После долгих раздумий Герцен приходит к выводу, что ему нужно оставаться здесь, в Европе, "теперь еще надобно быть здесь". Он уже слышит осуждающие возгласы. Разве не он сам когда-то порицал Сазонова за праздное времяпрепровождение за границей, не он ли ругал и Анненкова за то, что тот остается при всех "великих совершениях" зрителем. Нет, кем-кем, а "зрителем" Искандер не будет. "Человек — нигде не посторонний, он везде дома и везде видит свое дело, если это дело человеческое". А разве революция в Европе не его дело и не дело человеческое? Оставаясь в Европе, завязывая тесные связи с демократическими кругами, он может создать у них и правильное представление о России.
"На сию минуту ночь, надежд нет, — пишет Герцен московским друзьям 2 августа, — но одно остается за нами: везде, на всякой точке шельмовать старое начало, клеймить — не делом, так словом". Потом он скажет, что слово — это тоже дело. И вложит в эту фразу определенный смысл: "слово печатное". Можно полагать, что уже осенью 1848 года у Герцена появились мысли о "слове печатном", но их заслоняли, стирали иные заботы и волнения.
Разгул реакции в Париже был ни с чем не сравнимым, разве что николаевская могла стать рядом. "Каждый день менее и менее виден выход. Что мы видим с утра до ночи, превосходит человеческое воображение… — пишет Герцен 6 сентября. — Или в скором времени должна кровь литься реками, или на время Франция погибла". Во Франции только и сохранилось название — республика, "монархический принцип в нравах, в законах" остался прежним.

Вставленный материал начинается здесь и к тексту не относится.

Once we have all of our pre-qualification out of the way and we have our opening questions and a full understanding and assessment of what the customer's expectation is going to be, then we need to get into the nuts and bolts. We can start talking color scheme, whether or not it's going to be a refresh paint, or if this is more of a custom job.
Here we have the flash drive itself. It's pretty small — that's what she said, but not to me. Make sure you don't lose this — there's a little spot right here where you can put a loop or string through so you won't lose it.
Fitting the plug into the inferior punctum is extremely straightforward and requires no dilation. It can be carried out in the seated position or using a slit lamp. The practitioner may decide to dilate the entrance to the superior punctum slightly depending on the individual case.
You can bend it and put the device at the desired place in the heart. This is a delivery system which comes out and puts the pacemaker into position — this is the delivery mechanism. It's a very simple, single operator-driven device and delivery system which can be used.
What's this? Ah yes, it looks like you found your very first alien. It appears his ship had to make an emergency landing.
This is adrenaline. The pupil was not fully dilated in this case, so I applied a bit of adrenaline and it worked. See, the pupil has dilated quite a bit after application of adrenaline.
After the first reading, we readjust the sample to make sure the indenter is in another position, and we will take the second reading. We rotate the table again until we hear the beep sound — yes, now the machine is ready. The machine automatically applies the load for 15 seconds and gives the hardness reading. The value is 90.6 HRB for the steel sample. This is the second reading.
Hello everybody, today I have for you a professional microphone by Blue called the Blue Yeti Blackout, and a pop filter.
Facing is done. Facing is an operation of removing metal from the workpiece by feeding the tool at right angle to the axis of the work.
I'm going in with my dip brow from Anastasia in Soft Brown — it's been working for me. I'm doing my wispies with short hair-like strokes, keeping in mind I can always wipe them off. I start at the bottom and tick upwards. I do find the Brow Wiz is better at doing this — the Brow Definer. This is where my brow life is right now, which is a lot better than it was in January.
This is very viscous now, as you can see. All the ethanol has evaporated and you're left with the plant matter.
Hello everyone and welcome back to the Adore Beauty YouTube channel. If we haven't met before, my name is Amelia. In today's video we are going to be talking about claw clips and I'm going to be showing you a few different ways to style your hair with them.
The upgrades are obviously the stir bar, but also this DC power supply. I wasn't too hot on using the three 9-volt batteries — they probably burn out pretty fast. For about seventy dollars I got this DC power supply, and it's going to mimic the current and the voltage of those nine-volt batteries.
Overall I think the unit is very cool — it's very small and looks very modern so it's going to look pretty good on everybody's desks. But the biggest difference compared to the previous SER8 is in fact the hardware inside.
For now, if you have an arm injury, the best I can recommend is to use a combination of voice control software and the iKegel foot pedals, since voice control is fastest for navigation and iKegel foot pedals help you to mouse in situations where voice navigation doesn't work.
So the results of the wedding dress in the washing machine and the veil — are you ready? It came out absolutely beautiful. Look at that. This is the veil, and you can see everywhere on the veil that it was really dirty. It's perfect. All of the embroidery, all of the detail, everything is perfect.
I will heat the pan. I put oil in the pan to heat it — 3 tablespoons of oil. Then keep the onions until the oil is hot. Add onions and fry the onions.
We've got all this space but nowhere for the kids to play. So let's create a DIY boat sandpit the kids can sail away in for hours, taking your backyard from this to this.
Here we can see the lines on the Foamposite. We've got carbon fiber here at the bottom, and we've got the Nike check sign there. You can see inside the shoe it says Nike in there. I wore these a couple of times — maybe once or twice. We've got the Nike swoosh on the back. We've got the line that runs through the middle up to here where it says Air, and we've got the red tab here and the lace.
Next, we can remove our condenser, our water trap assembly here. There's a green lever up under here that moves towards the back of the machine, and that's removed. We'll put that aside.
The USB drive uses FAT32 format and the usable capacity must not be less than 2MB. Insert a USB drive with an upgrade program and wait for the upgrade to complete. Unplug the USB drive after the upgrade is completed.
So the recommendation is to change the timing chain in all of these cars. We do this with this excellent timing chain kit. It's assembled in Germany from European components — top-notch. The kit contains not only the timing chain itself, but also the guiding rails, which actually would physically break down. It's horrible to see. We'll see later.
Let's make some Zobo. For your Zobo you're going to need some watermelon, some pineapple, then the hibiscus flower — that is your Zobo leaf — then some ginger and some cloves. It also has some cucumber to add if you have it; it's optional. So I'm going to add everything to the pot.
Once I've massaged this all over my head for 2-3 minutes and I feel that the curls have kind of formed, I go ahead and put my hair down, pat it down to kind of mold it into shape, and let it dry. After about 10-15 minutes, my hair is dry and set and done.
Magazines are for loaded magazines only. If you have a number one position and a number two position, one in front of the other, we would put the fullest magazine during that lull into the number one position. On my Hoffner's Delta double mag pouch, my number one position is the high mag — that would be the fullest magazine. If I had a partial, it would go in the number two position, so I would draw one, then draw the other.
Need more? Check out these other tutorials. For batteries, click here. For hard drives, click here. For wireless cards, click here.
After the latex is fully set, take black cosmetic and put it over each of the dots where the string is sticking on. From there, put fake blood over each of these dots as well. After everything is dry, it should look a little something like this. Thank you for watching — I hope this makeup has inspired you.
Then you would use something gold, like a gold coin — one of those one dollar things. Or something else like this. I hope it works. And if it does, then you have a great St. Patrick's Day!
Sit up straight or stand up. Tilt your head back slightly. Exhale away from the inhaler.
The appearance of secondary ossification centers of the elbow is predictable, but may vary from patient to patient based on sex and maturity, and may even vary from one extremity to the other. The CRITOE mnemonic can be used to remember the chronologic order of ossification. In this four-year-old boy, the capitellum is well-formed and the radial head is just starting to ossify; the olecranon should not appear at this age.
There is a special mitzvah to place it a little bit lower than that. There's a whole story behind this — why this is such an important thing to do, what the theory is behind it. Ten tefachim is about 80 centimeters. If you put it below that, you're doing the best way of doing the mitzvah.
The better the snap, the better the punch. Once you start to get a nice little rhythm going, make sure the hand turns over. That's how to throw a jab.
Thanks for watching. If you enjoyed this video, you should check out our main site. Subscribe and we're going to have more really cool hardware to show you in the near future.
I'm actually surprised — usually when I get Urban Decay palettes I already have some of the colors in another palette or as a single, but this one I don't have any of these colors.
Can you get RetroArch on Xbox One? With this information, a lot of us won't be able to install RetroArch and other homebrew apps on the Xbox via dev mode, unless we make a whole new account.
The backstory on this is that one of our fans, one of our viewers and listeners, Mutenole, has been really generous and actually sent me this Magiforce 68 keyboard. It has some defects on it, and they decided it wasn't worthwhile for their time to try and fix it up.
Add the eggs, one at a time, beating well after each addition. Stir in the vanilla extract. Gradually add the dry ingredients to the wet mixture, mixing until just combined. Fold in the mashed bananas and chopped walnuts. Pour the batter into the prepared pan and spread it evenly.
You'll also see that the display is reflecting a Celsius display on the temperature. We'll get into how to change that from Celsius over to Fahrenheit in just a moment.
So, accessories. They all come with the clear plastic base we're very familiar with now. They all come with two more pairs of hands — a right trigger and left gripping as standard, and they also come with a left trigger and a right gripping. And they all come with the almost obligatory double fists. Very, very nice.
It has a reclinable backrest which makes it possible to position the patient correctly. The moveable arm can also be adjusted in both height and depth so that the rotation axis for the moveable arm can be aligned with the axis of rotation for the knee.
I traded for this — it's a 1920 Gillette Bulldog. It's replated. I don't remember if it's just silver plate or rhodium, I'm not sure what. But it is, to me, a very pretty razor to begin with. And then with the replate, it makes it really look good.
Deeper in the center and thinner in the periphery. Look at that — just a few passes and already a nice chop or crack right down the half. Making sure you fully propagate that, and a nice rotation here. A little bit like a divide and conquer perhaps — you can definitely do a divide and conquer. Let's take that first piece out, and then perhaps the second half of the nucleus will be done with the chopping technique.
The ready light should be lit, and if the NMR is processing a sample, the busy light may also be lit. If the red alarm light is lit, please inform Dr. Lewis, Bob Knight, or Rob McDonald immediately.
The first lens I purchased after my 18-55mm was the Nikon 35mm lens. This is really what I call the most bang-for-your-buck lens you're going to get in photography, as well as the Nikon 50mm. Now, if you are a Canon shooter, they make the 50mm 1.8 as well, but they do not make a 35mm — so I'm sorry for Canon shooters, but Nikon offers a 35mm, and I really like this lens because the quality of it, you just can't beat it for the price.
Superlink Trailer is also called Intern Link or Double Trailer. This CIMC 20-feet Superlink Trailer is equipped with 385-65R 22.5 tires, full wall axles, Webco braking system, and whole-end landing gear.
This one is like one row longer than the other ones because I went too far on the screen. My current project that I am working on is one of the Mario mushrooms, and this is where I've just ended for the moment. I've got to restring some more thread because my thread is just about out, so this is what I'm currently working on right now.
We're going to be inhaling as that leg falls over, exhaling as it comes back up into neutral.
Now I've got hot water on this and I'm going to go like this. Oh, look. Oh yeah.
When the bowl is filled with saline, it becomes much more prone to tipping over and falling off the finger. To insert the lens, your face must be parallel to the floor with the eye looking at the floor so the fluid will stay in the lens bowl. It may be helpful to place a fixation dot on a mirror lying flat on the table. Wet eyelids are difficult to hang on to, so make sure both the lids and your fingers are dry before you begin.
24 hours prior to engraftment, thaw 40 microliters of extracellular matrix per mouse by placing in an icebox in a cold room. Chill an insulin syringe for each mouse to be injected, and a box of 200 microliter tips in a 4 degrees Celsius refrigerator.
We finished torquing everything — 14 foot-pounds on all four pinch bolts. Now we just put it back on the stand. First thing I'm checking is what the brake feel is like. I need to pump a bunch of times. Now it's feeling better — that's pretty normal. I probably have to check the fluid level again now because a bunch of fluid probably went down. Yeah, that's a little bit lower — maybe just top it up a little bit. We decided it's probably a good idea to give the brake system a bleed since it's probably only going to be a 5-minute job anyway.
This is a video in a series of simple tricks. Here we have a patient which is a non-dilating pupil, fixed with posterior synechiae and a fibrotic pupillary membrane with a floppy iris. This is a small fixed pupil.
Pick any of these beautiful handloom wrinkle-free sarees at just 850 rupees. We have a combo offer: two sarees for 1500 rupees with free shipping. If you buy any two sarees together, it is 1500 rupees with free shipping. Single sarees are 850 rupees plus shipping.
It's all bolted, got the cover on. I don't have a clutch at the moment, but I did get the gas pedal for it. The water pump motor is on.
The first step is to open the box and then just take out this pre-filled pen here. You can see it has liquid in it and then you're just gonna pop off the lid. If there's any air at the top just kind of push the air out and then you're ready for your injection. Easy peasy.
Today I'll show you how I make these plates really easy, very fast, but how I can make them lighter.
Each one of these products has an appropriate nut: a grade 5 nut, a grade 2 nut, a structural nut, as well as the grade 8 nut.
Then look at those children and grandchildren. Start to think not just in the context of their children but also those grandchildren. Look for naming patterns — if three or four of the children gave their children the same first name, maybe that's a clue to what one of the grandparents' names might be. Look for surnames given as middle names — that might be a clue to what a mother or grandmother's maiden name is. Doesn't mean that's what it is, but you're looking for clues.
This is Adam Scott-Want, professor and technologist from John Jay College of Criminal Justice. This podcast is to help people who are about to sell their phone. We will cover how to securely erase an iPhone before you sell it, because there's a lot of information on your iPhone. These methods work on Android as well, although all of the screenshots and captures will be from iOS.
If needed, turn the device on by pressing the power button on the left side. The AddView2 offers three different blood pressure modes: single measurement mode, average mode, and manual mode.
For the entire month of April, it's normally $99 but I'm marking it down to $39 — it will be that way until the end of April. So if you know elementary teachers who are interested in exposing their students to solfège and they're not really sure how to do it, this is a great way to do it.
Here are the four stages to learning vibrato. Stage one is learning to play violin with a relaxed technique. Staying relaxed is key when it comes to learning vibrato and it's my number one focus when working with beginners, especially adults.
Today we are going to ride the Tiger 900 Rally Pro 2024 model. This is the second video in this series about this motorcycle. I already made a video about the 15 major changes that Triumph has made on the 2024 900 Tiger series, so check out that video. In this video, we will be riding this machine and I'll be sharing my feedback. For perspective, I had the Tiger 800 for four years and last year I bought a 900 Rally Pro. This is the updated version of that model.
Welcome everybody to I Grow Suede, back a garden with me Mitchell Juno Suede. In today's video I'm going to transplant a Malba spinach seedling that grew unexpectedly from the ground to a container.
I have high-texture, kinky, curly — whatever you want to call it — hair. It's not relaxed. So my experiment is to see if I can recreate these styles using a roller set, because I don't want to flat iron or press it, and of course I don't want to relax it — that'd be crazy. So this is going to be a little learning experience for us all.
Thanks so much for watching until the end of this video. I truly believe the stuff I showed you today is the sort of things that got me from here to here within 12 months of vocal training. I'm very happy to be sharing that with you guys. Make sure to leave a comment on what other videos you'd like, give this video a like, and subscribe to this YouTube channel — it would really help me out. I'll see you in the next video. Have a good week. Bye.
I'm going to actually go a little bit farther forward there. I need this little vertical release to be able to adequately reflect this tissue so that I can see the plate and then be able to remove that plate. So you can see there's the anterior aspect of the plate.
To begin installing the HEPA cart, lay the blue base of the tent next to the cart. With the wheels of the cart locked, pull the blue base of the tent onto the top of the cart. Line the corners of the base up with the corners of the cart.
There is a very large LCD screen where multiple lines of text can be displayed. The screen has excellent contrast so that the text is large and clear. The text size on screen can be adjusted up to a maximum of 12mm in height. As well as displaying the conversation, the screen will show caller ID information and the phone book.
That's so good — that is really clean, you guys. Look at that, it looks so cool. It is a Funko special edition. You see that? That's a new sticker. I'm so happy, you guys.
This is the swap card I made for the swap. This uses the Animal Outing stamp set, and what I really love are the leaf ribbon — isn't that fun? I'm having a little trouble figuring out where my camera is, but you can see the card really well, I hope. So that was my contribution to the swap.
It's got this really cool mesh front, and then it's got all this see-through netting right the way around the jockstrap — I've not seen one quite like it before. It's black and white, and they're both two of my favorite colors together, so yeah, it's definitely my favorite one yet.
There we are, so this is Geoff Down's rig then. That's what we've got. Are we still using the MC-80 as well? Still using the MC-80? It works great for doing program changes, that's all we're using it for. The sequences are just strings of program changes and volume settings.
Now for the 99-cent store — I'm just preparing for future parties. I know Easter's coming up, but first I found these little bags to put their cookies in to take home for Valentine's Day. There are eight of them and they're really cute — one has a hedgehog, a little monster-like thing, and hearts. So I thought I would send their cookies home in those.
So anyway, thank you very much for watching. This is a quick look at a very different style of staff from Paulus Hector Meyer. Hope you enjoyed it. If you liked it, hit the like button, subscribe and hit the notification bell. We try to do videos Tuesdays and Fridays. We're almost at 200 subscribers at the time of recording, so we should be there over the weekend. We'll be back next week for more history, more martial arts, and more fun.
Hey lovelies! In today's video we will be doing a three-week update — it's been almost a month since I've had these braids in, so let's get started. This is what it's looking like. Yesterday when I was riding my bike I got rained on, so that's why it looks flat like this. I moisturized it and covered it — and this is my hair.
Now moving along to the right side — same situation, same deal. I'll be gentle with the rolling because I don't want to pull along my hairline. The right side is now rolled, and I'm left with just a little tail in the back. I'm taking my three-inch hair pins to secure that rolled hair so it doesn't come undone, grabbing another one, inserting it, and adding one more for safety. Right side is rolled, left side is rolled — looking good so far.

Герцен все больше, все теснее сходился с Гервегом. Георг Гервег был натурой артистической, и не только потому, что имел бесспорный поэтический дар. Нет, его артистизм проявлялся еще и в том, что он мог очень быстро и, на поверхностный взгляд, глубоко воспринимать, делать своими мысли и чувства хозяина дома. Гервег во всем согласен с Герценом, он разделяет и его пессимизм, и его скептицизм, и его разъедающую иронию. Наталья Александровна очарована Георгом. А Эмма. Она готова на все, лишь бы ее обожаемый муж мог обедать в дорогих ресторациях, одеваться у моднейших портных. И Герцен щедро оплачивает портных и никогда не забывает пригласить Гервегов в ресторан. Эмма занимает деньги направо и налево, отказывая себе и детям во всем; лишь бы Георг был доволен.